┌─ RECORDS PROVIDED
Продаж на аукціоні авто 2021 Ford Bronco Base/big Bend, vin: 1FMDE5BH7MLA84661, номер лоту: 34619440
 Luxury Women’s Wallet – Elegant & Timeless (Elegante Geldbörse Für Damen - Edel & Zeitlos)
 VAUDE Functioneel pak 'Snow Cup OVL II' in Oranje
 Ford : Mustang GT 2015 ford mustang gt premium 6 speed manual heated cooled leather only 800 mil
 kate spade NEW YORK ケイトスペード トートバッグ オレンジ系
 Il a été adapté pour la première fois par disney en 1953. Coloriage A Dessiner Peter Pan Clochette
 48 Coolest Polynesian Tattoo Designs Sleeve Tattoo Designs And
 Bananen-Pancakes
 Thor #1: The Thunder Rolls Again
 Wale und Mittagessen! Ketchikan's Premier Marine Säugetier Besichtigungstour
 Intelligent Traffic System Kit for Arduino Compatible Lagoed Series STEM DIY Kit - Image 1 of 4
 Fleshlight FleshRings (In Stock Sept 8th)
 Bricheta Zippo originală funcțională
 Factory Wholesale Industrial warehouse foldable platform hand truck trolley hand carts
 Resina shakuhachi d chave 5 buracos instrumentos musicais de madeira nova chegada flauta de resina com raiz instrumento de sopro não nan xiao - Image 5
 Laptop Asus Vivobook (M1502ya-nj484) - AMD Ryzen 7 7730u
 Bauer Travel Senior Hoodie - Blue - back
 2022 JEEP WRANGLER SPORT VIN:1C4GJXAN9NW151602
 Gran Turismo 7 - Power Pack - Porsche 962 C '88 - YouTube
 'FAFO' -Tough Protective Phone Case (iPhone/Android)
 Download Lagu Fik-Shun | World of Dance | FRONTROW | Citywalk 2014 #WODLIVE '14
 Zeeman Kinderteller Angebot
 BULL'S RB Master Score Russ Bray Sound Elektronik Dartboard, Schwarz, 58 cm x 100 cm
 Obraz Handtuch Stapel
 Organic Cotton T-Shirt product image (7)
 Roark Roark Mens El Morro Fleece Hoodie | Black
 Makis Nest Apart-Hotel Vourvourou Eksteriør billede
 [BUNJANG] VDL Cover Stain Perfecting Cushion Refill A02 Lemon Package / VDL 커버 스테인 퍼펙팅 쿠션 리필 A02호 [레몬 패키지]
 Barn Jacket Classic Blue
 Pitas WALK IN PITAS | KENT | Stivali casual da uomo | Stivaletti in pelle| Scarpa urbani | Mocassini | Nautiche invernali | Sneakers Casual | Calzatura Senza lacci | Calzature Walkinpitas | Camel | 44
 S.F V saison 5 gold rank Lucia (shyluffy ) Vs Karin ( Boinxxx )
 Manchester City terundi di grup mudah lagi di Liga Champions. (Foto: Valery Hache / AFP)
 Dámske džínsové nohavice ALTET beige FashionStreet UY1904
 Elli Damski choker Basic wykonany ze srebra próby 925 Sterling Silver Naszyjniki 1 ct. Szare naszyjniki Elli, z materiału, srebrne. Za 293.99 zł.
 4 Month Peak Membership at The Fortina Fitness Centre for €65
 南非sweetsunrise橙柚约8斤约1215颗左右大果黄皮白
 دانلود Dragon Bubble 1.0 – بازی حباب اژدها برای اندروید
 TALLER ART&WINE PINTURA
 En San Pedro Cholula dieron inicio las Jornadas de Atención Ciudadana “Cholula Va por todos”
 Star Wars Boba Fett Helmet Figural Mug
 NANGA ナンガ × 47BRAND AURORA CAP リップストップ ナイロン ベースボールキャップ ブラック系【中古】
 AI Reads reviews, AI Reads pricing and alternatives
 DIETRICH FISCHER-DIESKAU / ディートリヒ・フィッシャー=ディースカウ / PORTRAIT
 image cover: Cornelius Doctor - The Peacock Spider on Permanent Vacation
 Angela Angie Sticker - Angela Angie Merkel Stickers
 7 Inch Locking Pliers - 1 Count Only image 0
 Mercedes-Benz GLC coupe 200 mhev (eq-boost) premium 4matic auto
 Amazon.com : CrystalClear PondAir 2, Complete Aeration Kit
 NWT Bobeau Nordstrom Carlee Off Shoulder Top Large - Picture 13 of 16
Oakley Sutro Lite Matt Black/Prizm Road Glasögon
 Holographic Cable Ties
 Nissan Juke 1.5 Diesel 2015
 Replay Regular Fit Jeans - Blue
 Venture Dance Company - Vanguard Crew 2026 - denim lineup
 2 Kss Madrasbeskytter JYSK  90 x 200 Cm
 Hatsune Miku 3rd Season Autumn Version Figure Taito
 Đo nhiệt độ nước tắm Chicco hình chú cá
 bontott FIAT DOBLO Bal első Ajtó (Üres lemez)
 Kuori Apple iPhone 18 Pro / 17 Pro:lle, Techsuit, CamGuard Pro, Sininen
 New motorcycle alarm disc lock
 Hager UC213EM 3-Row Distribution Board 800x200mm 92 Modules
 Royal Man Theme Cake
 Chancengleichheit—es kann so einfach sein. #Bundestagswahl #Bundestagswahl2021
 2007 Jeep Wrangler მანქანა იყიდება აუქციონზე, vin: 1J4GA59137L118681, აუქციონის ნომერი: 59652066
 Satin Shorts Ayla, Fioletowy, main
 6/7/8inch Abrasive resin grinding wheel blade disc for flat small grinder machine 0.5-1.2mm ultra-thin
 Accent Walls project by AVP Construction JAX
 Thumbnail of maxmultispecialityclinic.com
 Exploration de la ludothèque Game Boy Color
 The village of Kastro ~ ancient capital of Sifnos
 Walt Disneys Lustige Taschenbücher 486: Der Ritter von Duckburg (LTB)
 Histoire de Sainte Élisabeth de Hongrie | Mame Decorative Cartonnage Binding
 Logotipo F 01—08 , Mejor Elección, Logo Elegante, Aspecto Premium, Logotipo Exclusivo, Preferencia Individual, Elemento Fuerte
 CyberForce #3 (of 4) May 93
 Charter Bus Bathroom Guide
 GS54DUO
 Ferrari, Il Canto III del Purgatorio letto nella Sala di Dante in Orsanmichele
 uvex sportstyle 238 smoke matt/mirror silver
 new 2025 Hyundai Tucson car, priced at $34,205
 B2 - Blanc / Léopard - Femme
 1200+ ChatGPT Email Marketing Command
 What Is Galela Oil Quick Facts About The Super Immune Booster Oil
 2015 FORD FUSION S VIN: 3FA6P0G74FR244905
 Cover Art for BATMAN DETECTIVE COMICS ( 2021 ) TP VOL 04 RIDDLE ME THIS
└─
**WHAT THIS TASK INVOLVES**
What you should produce is an exact retyping of every line above.

**RESULT OF THE EXERCISE**
Продаж на аукціоні авто 2021 Ford Bronco Base/big Bend, vin: 1FMDE5BH7MLA84661, номер лоту: 34619440
 Luxury Women’s Wallet – Elegant & Timeless (Elegante Geldbörse Für Damen - Edel & Zeitlos)
 VAUDE Functioneel pak 'Snow Cup OVL II' in Oranje
 Ford : Mustang GT 2015 ford mustang gt premium 6 speed manual heated cooled leather only 800 mil
 kate spade NEW YORK ケイトスペード トートバッグ オレンジ系
 Il a été adapté pour la première fois par disney en 1953. Coloriage A Dessiner Peter Pan Clochette
 48 Coolest Polynesian Tattoo Designs Sleeve Tattoo Designs And
 Bananen-Pancakes
 Thor #1: The Thunder Rolls Again
 Wale und Mittagessen! Ketchikan's Premier Marine Säugetier Besichtigungstour
 Intelligent Traffic System Kit for Arduino Compatible Lagoed Series STEM DIY Kit - Image 1 of 4
 Fleshlight FleshRings (In Stock Sept 8th)
 Bricheta Zippo originală funcțională
 Factory Wholesale Industrial warehouse foldable platform hand truck trolley hand carts
 Resina shakuhachi d chave 5 buracos instrumentos musicais de madeira nova chegada flauta de resina com raiz instrumento de sopro não nan xiao - Image 5
 Laptop Asus Vivobook (M1502ya-nj484) - AMD Ryzen 7 7730u
 Bauer Travel Senior Hoodie - Blue - back
 2022 JEEP WRANGLER SPORT VIN:1C4GJXAN9NW151602
 Gran Turismo 7 - Power Pack - Porsche 962 C '88 - YouTube
 'FAFO' -Tough Protective Phone Case (iPhone/Android)
 Download Lagu Fik-Shun | World of Dance | FRONTROW | Citywalk 2014 #WODLIVE '14
 Zeeman Kinderteller Angebot
 BULL'S RB Master Score Russ Bray Sound Elektronik Dartboard, Schwarz, 58 cm x 100 cm
 Obraz Handtuch Stapel
 Organic Cotton T-Shirt product image (7)
 Roark Roark Mens El Morro Fleece Hoodie | Black
 Makis Nest Apart-Hotel Vourvourou Eksteriør billede
 [BUNJANG] VDL Cover Stain Perfecting Cushion Refill A02 Lemon Package / VDL 커버 스테인 퍼펙팅 쿠션 리필 A02호 [레몬 패키지]
 Barn Jacket Classic Blue
 Pitas WALK IN PITAS | KENT | Stivali casual da uomo | Stivaletti in pelle| Scarpa urbani | Mocassini | Nautiche invernali | Sneakers Casual | Calzatura Senza lacci | Calzature Walkinpitas | Camel | 44
 S.F V saison 5 gold rank Lucia (shyluffy ) Vs Karin ( Boinxxx )
 Manchester City terundi di grup mudah lagi di Liga Champions. (Foto: Valery Hache / AFP)
 Dámske džínsové nohavice ALTET beige FashionStreet UY1904
 Elli Damski choker Basic wykonany ze srebra próby 925 Sterling Silver Naszyjniki 1 ct. Szare naszyjniki Elli, z materiału, srebrne. Za 293.99 zł.
 4 Month Peak Membership at The Fortina Fitness Centre for €65
 南非sweetsunrise橙柚约8斤约1215颗左右大果黄皮白
 دانلود Dragon Bubble 1.0 – بازی حباب اژدها برای اندروید
 TALLER ART&WINE PINTURA
 En San Pedro Cholula dieron inicio las Jornadas de Atención Ciudadana “Cholula Va por todos”
 Star Wars Boba Fett Helmet Figural Mug
 NANGA ナンガ × 47BRAND AURORA CAP リップストップ ナイロン ベースボールキャップ ブラック系【中古】
 AI Reads reviews, AI Reads pricing and alternatives
 DIETRICH FISCHER-DIESKAU / ディートリヒ・フィッシャー=ディースカウ / PORTRAIT
 image cover: Cornelius Doctor - The Peacock Spider on Permanent Vacation
 Angela Angie Sticker - Angela Angie Merkel Stickers
 7 Inch Locking Pliers - 1 Count Only image 0
 Mercedes-Benz GLC coupe 200 mhev (eq-boost) premium 4matic auto
 Amazon.com : CrystalClear PondAir 2, Complete Aeration Kit
 NWT Bobeau Nordstrom Carlee Off Shoulder Top Large - Picture 13 of 16
Oakley Sutro Lite Matt Black/Prizm Road Glasögon
 Holographic Cable Ties
 Nissan Juke 1.5 Diesel 2015
 Replay Regular Fit Jeans - Blue
 Venture Dance Company - Vanguard Crew 2026 - denim lineup
 2 Kss Madrasbeskytter JYSK  90 x 200 Cm
 Hatsune Miku 3rd Season Autumn Version Figure Taito
 Đo nhiệt độ nước tắm Chicco hình chú cá
 bontott FIAT DOBLO Bal első Ajtó (Üres lemez)
 Kuori Apple iPhone 18 Pro / 17 Pro:lle, Techsuit, CamGuard Pro, Sininen
 New motorcycle alarm disc lock
 Hager UC213EM 3-Row Distribution Board 800x200mm 92 Modules
 Royal Man Theme Cake
 Chancengleichheit—es kann so einfach sein. #Bundestagswahl #Bundestagswahl2021
 2007 Jeep Wrangler მანქანა იყიდება აუქციონზე, vin: 1J4GA59137L118681, აუქციონის ნომერი: 59652066
 Satin Shorts Ayla, Fioletowy, main
 6/7/8inch Abrasive resin grinding wheel blade disc for flat small grinder machine 0.5-1.2mm ultra-thin
 Accent Walls project by AVP Construction JAX
 Thumbnail of maxmultispecialityclinic.com
 Exploration de la ludothèque Game Boy Color
 The village of Kastro ~ ancient capital of Sifnos
 Walt Disneys Lustige Taschenbücher 486: Der Ritter von Duckburg (LTB)
 Histoire de Sainte Élisabeth de Hongrie | Mame Decorative Cartonnage Binding
 Logotipo F 01—08 , Mejor Elección, Logo Elegante, Aspecto Premium, Logotipo Exclusivo, Preferencia Individual, Elemento Fuerte
 CyberForce #3 (of 4) May 93
 Charter Bus Bathroom Guide
 GS54DUO
 Ferrari, Il Canto III del Purgatorio letto nella Sala di Dante in Orsanmichele
 uvex sportstyle 238 smoke matt/mirror silver
 new 2025 Hyundai Tucson car, priced at $34,205
 B2 - Blanc / Léopard - Femme
 1200+ ChatGPT Email Marketing Command
 What Is Galela Oil Quick Facts About The Super Immune Booster Oil
 2015 FORD FUSION S VIN: 3FA6P0G74FR244905
 Cover Art for BATMAN DETECTIVE COMICS ( 2021 ) TP VOL 04 RIDDLE ME THIS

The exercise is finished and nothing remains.